Photography & Videography: Evaan Jason Ferreira
Poster Design: Evaan Jason Ferreira
Photographed By: Evaan Jason Ferreira
Phinda Ubuyele debuted at 2022 National Arts Festival Fringe Programme. The production is a two-hander that follows the story of siblings who have returned to their childhood home in the aftermath of their parents’ death. The two siblings are engaged in recounting their childhood experiences to draw deeper understandings of who they are in their adulthood. They spent their childhood under the surveillance of an abusive father and an ailing mother. In their adulthood, they are each other’s refuge as they begin to remember the events of their past to uncover the hidden narratives of their own lives. The two siblings must examine the inherited traumas of their past which often causes them to revert to earlier stages of their development as a defence mechanism. The production deals with generational trauma, regression, and survivor’s guilt.

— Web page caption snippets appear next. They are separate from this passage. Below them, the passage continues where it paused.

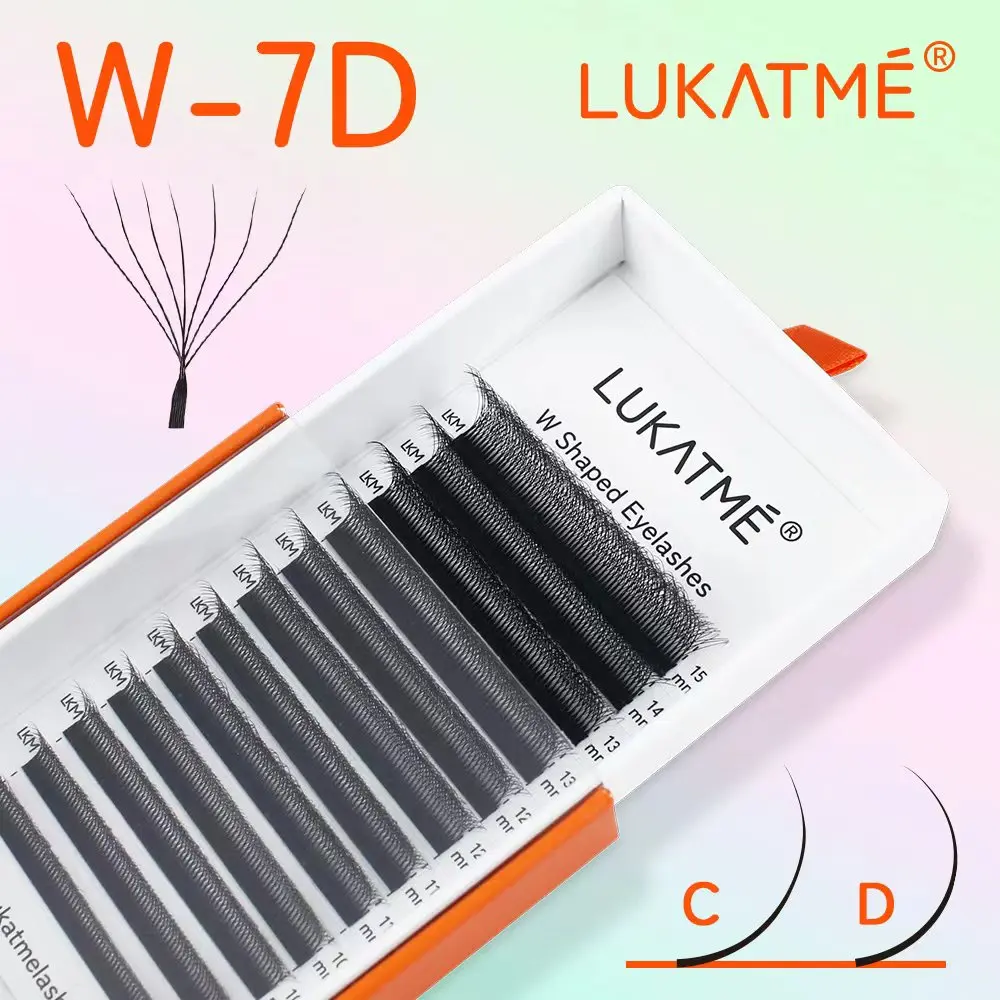 LUKATME 7D W Shape Eyelash Extension Mega Volume Fans 7D Lashes 0.07 Thick BASF 7mm to 15mm W-7D False Eyelash for Makeup
LUKATME 7D W Shape Eyelash Extension Mega Volume Fans 7D Lashes 0.07 Thick BASF 7mm to 15mm W-7D False Eyelash for Makeup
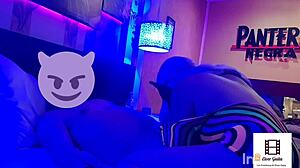 Old Peruvian couple caught watching Marina Gold porn.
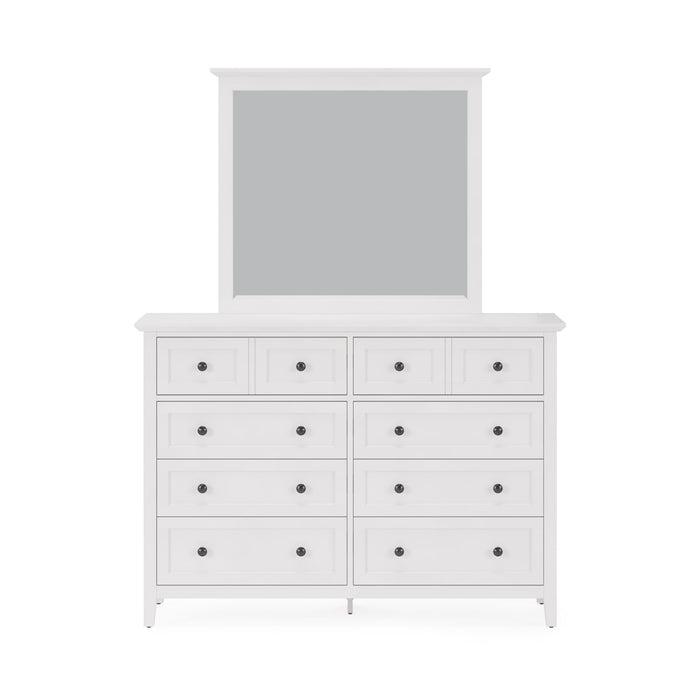 Modus Grace Wall or Dresser Mirror in Snowfall White Image 3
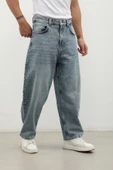Erkek Skater Fit Jean Pantolon Buz Mavisi - 8
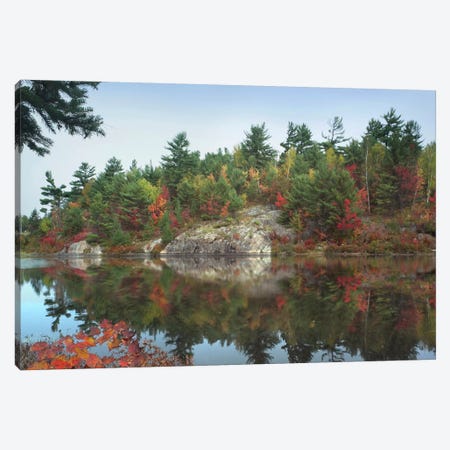 Lake Near French River, Ontario, Canada Canvas Print #TFI503} by Tim Fitzharris Art Print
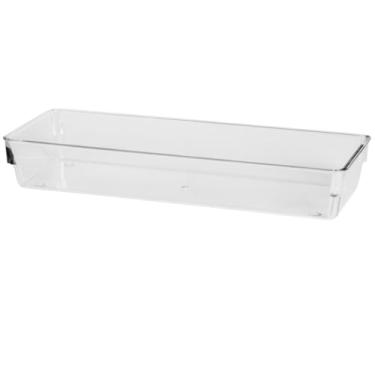 Imagem de Organizador Acrílico Empilhável Cozinha Gaveta Escritório 34x11 (Transparente)
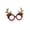 Gold, variant on Orangide Christmas Reindeer Glasses Party Props Antler Eyewear Fabric Covered for Adult Kids Holiday Xmas Decorative Accessories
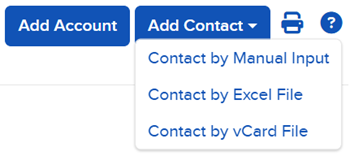Image of the add contact button in portal. 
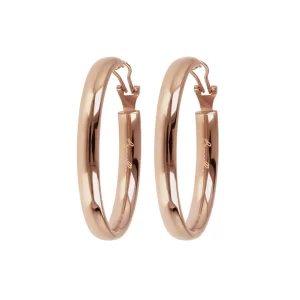 Orecchini a cerchio ovali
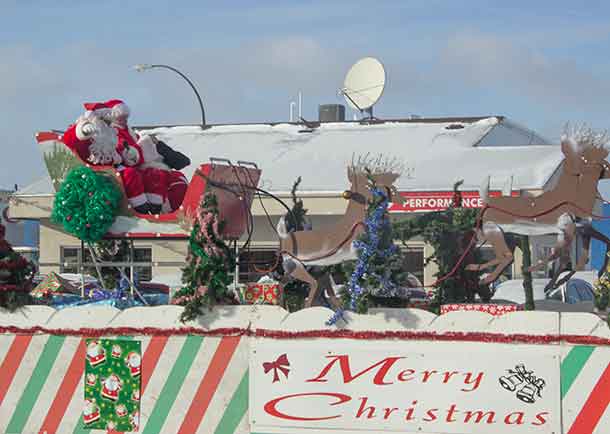 Santa Claus and Mrs. Claus are sharing a few breaks as the elves and team of workers up north prepare for Christmas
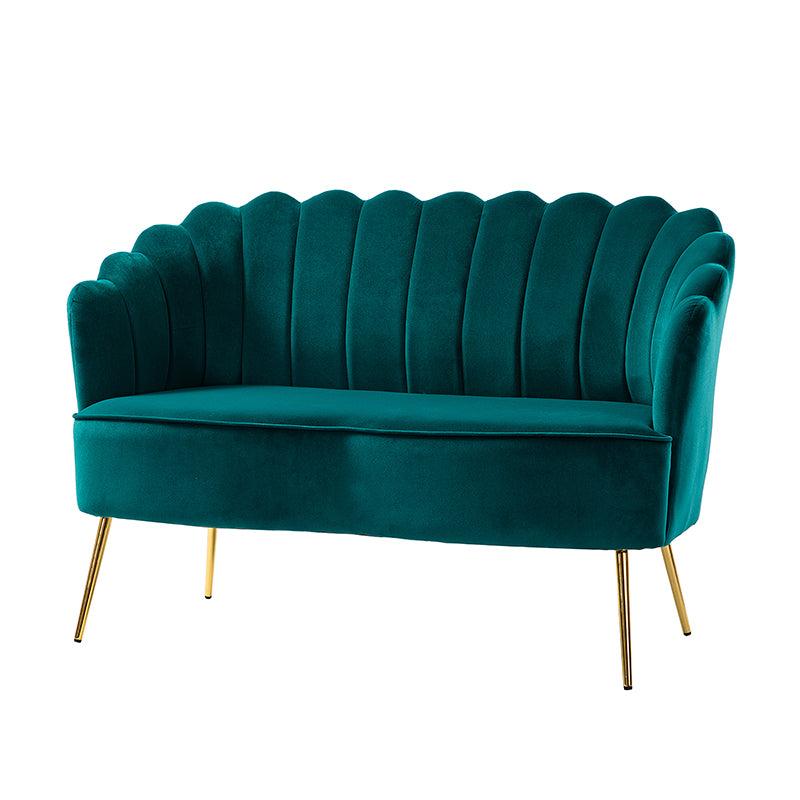 Ariel 3-Piece Scalloped Velvet Living Room Set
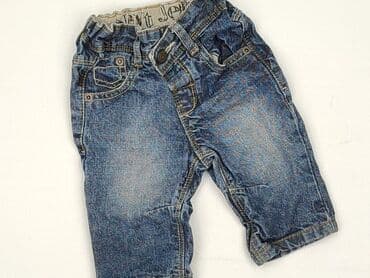 джинсова куртка: Denim pants, Next, 3-6 months, condition - Perfect — 1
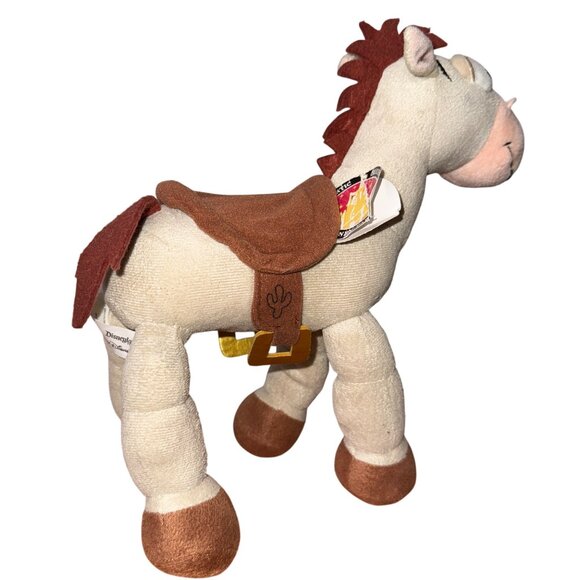 NWT Disney Parks Toy Story Bullseye Plush Horse Posable Legs Bendable - Picture 8 of 8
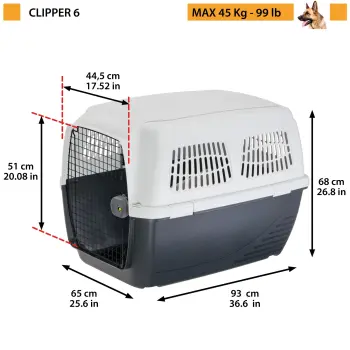 Ferplast Clipper 6 Kedi ve Köpek Taşıma Çantası - 1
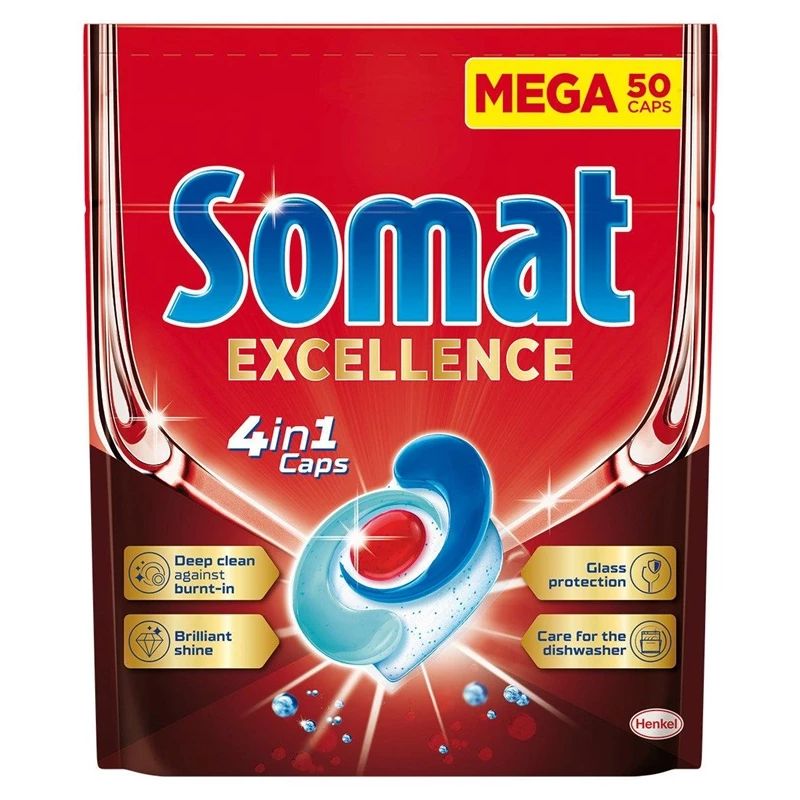 Trauku mazgājamās mašīnas kapsulas Somat Excellence. 50 gab.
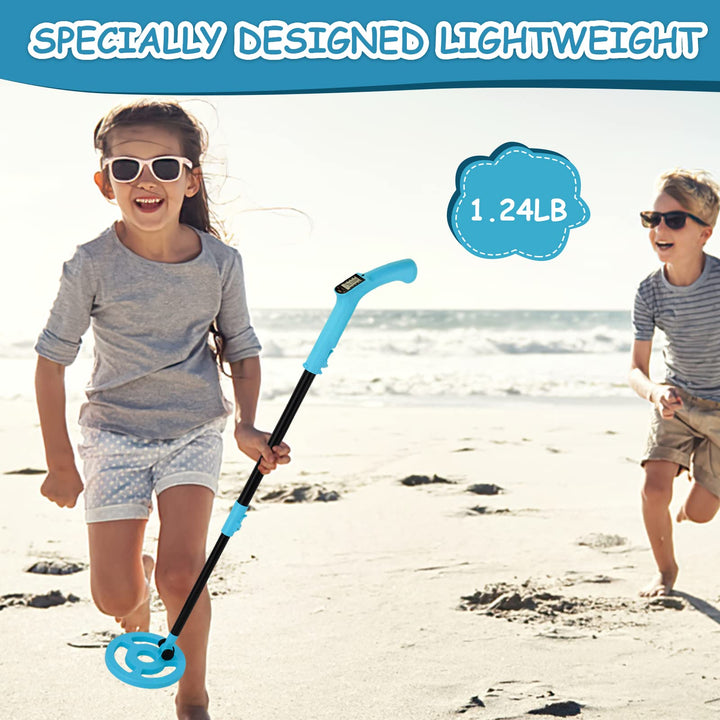Metalldetektor Kinder azurblau mit LCD-Display, 46–96 cm - Bild 5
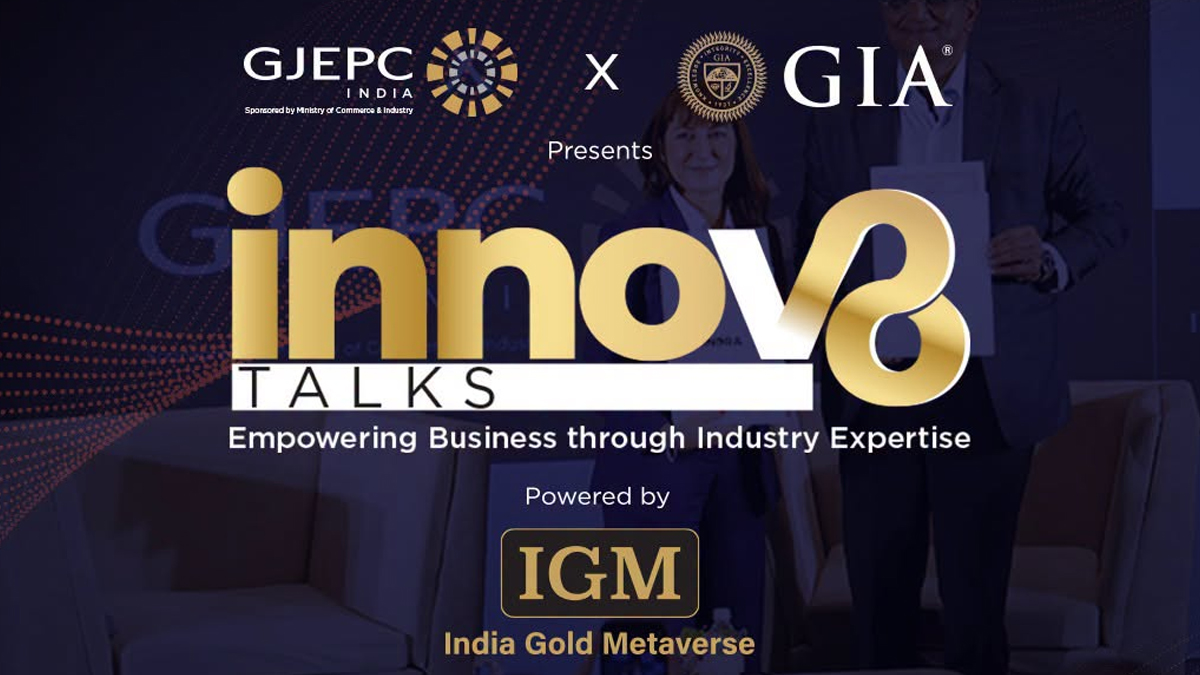 Innov8 Talks at IIJS Premiere 2026 - 5 Days, 2 Venues, 34 Iconic Sessions. Empowering Business through Industry Expertise. Supported by GJEPC India and GIA.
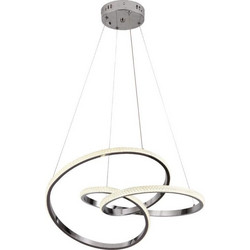 InLight Κρεμαστό Φωτιστικό Οροφής Μονόφωτο LED Ασημί 6092-A-Chrome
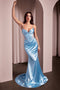 Ladivine CC2397 Glitter Satin Fitted Gown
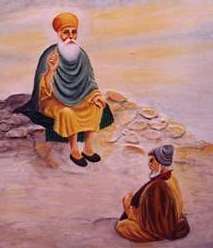 Here is the Guru's voice
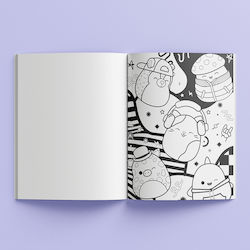 Kaleidoskop Malbuch 64 S. Squishmallows Straßenstil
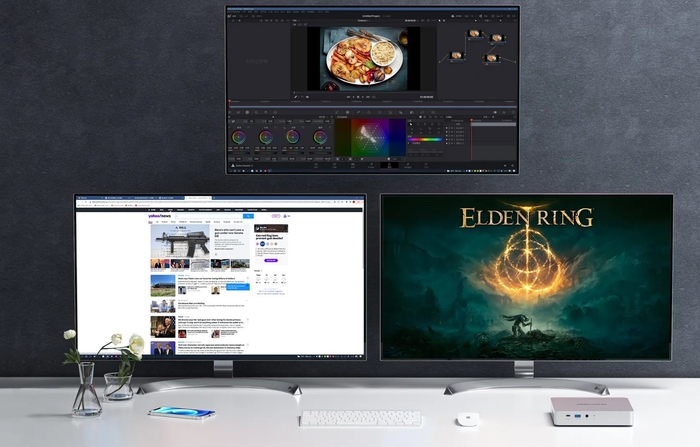 3モニター使用例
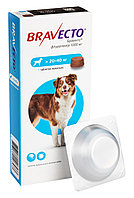 Bravecto, Бравекто жевательная таблетка для собак весом 20-40кг., 1000мг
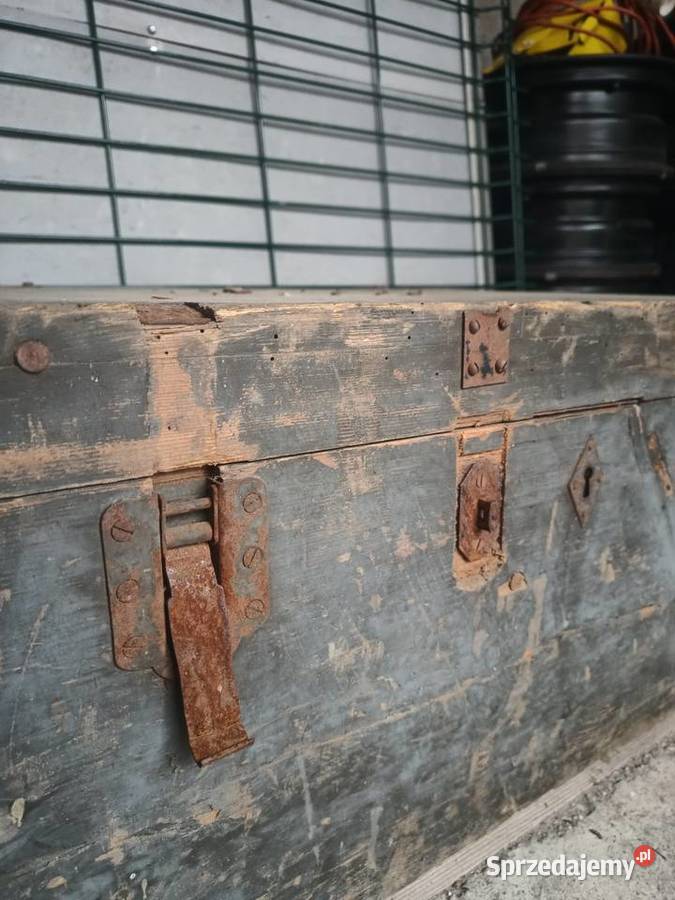 Skrzynia wojskowa kufer podróżny Zielona Góra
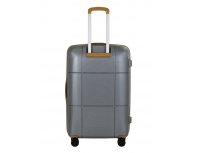 Suitcase Echolac Atlas Pro 4-wheel, 52x75x30 cm, silver (1124TS080919280)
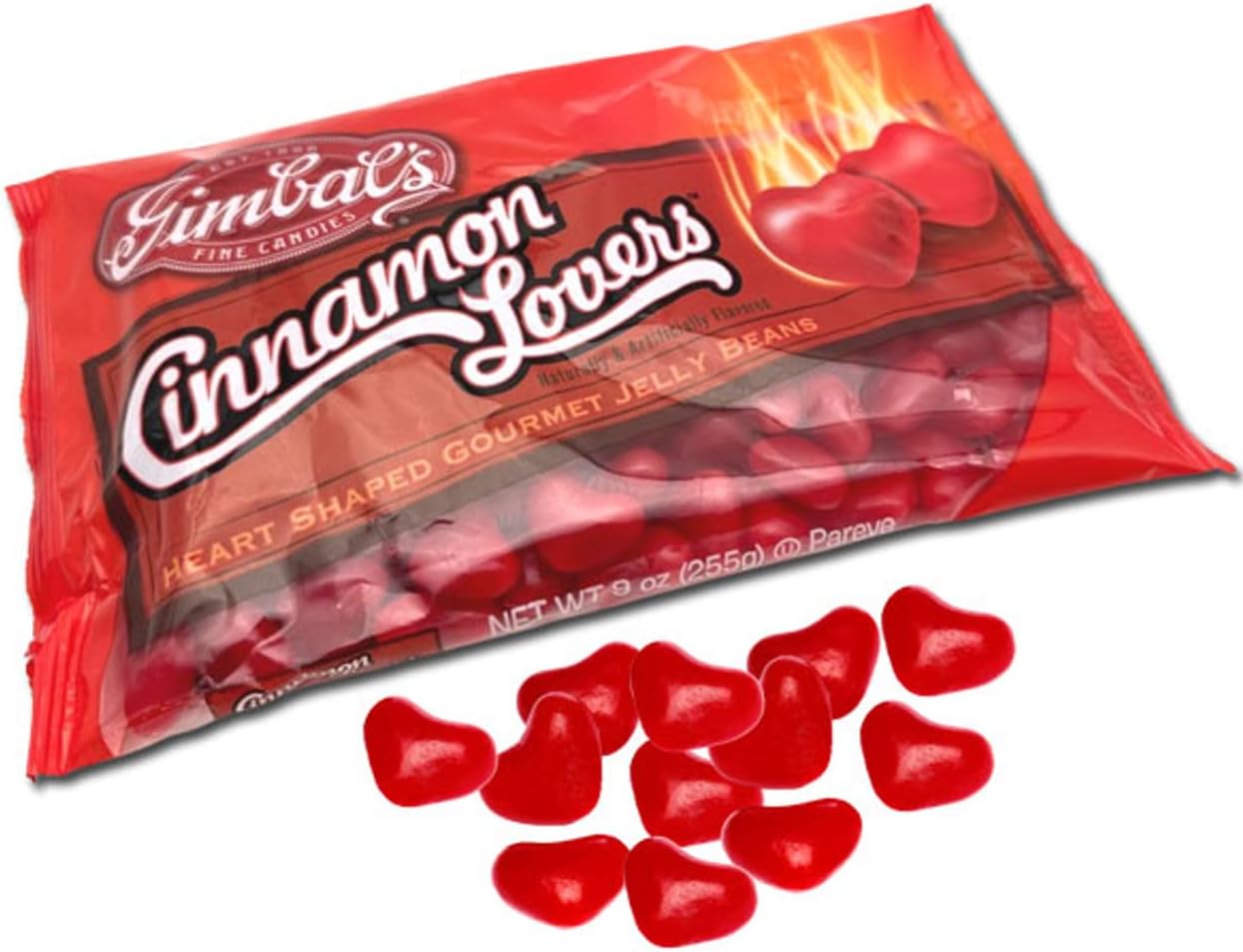 Gimbals Cinnamon Lovers Valentines Day Jelly Bean Hearts 9oz 255g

The complicated relationship with time and memory is juxtaposed with the guilt each child/adult carries about their role in the demise of their family unit.
Siphosethu Balakisi
Xolela Kenene
What makes or breaks a home? And how can the act of remembering be a means of healing rather than a form of bondage? In Phinda Ubuyele, two siblings attempt to make sense of their pasts, navigating a murky landscape of trauma and distorted memory, passed down through generations. Directed by Thembela Madliki, the play is performed by Siphosethu Balakisi and Xolela Kenene who play Thando and her older brother Luntu, respectively. While trauma and memory are the overt themes charging the work, there is also the abstract and corporeal – notions of tenderness and violence held and harboured on a cellular level. Back in their childhood home following the death of their parents, they engage the way siblings do, playing and bickering.